Липоксай Ягы не снижая быстроты своего шага, приблизился к соседней комнате, что поместилась диагонально той из которой он вышел, и когда один из наратников отворил пред ним дверь вступил в допросную. Собина и Туряк, стоило появиться в дверях старшему жрецу, враз замерли, а тот, отойдя вправо, высвободил проход для спешащих сзади Таислава и Браниполка, грубо тянущего господина. Старший жрец, как и его помощники, даже не глянул на Собину. Впрочем, Липоксай Ягы малозаметно кивнул наратнику на обгоревшие тела прикрытые материей. Туряк спешно шагнув к ним, содрав материю, отшвырнул ее в сторону, явив сумрачной допросной человечьи тела, однако спекшиеся в общую комковитую массу не только конечностями, туловищами, но и головами.

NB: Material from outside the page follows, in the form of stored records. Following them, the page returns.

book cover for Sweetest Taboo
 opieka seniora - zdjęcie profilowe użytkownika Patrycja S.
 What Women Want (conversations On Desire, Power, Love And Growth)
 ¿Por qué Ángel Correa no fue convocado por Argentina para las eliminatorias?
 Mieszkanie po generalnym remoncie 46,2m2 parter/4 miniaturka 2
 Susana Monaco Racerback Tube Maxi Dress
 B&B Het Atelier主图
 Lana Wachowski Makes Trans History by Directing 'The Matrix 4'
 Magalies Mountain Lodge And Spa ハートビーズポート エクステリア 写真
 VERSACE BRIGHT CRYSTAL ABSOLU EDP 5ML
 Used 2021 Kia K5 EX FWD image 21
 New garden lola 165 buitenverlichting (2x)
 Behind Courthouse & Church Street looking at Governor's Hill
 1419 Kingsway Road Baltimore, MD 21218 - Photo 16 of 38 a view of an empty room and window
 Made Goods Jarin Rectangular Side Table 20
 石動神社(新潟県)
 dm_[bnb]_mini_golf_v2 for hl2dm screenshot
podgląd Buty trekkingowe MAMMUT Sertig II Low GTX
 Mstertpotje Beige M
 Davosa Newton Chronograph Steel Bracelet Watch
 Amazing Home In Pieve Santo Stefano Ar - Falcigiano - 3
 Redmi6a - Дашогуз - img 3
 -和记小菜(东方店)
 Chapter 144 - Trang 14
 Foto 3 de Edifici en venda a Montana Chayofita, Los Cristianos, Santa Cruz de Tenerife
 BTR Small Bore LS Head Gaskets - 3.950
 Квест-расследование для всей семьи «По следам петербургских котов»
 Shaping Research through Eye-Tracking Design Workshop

Браниполк введя в комнату трясущегося Благорода, вельми жестко толкнул его прямо на тела. Отчего ноги последнего заплелись друг о дружку и он шибутно повалившись на трупы, визгливо заорал. Господин ретиво вскочил со спекшегося мертвеца на ноги и суетливо принялся смахивать, точно сдирать с поверхности золотистой рубахи и белых шаровар черноватую сажу, передергивать плечами и болезненно кривить лицо.
– Посмотри Благород, – Липоксай Ягы теперь говорил не с господином, а вроде как со своим подручным, который не справился с заданием и подвел его, вкладывая в каждое слово не только пренебрежение, но и негодование. – Это мы нашли в опочивальне божества. Сие тела убийц, которых послала твоя мать. Ты считаешь, кто такое мог совершить Благород? Огонь? Человек? Быть может стрела, пущенная из самострела? Или все же божеский гнев? А ты! ты, тупица, смеешь называть божественное чадо своей дочерью. Посмотри, – желчно проронил вещун и так как господин отвернулся, чтобы более не зреть искореженные тела, шагнув к нему, наотмашь ударил ладонью по щеке, тем самым разворачивая голову в сторону трупов. – Смотри! Смотри тебе сказано, чтобы более не смел трепаться своим лживым языком. Чтобы на лета запомнил их вид… и никогда не смел говорить, что ее ясность, божество Есислава твоя дочь.